William Waigstill Avery was a North Carolina statesman and legislator. He represented North Carolina at the National Democratic Convention. Avery advocated for the secession of his home state upon the election of Abraham Lincoln and later fought for the Confederates.
Background
William Waigstill Avery was born on May 25, 1816 in Swan Ponds, North Carolina, in the family of Isaac Thomas Avery, a rich planter of literary tastes, and Harriet Eloise Erwin, a representative of a family long distinguished in local public affairs.
Education
In 1837 William Waightstill Avery graduated from the University of North Carolina.
In 1840, William Waightstill Avery was an unsuccessful candidate for the state legislature, but he was elected to that body in 1842 and served for one term before retiring to his already important law practice. His political convictions were largely those of John C. Calhoun. He was a state legislator in 1850 and 1852. In 1856 and in 1860 he was a state senator, and head of the North Carolina delegation to the National Democratic Convention. On the election of Lincoln as president, he advocated that North Carolina secede immediately.

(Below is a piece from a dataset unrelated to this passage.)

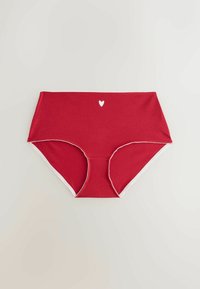 Culotte en coton rouge taille haute avec bordure blanche le long des ouvertures des jambes et un petit cœur blanc centré à la taille.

He was a member of the Confederate Provisional Congress throughout its existence. Having procured authority from Jefferson Davis, he planned in 1862 to recruit a regiment for the Confederate army but gave over this project out of regard for his domestic status and out of regard also for his aged father, three of whose sons were already in military service.
In the summer of 1864, he went with a hastily organized body of citizens in pursuit of an irregular organization of hostile troops that had advanced into North Carolina from Tennessee. A skirmish ensued and William was shot. Brought home, he died of his wounds three days later.
In May 1846, William Waightstill Avery married the daughter of Governor John Motley Morehead, Mary Corinna Morehead Avery, who bore him six children: Annie Harriet Avery Scales, Corinna Iredell Avery Erwin, Adelaide Matilda Avery Hemphill, Waightstill Avery, John Morehead Avery, William Waightstill Avery.